The U.S. Department of Justice threatened to sue Southern Illinois University last November over claims that three of the school’s graduate fellowships aimed toward women and minorities violated the federal Civil Rights Act of 1964. In February, the school agreed to allow non-minorities and men to apply for the fellowships.
In January, the State University of New York made all students eligible for millions of dollars in aid provided by two scholarship programs that were previously exclusive to minorities.
The changes are part of a nationwide movement to review race-conscious programs in higher education. The renewed focus was largely sparked by two 2003 Supreme Court cases involving the use of race as an admissions criterion at the University of Michigan.
Conservative groups lobbying for the changes view the schools’ actions as a stepping stone to eliminating race as a factor in university programs.
“We don’t think that any student should be denied participation in any educational program because of race or ethnicity,” said Roger Clegg, president and general counsel of the Center for Equal Opportunity, which has been urging institutions to open their race-conscious awards to all students.

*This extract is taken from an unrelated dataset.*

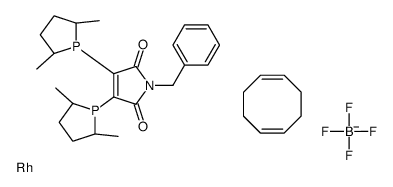 2,3-双[(2R,5R)-2,5-二甲基膦酰基]-N-苄基马来酰亚胺(1,5-环辛二烯)四氟硼酸铑(I)结构式
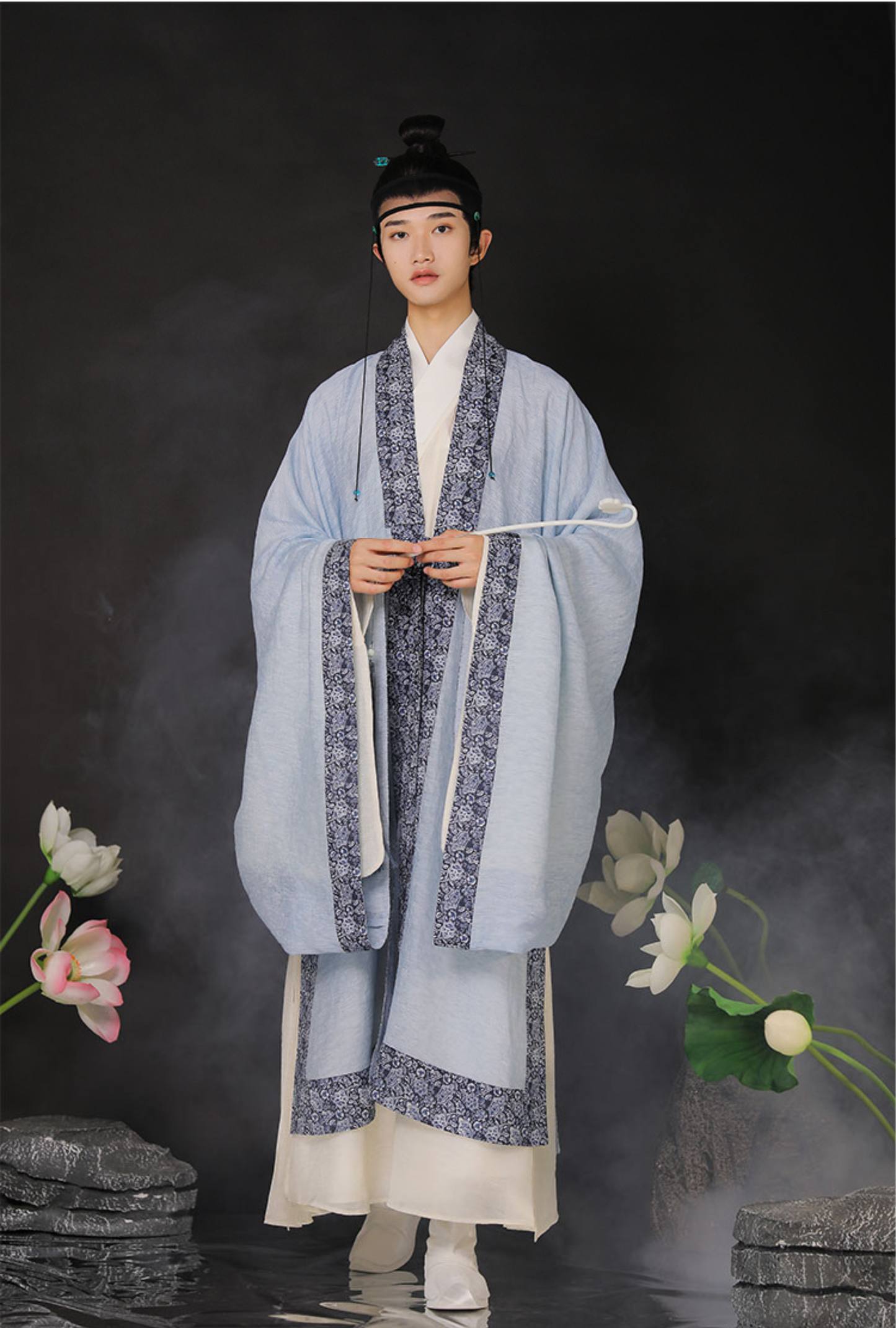 Cui Wei 翠微 Blauer Berg Leinenjacke für Herren aus der Ming-Dynastie für den Sommer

Clegg, a former deputy assistant attorney general in the Reagan and Bush administrations, said his organization has sent challenges to more than 200 colleges and universities since 2003, threatening to file complaints with the federal government if changes were not made.
Jim Bradshaw, spokesman for the U.S. Department of Education, said in an e-mail statement that the department’s Office for Civil Rights is currently investigating all complaints involving race-based programs.
“OCR’s primary obligation is to enforce the law, including the requirement that all institutions that use race or national origin do so in a way that is narrowly tailored to meet a compelling interest and consistent with Supreme Court precedent,” Bradshaw said. “We are investigating the facts fairly under the law, as we do with all of our civil rights complaints.”
Anurima Bhargava, assistant counsel of the NAACP Legal Defense and Educational Fund, Inc., said that minority scholarships are a critically important tool to ensure opportunities for minority students.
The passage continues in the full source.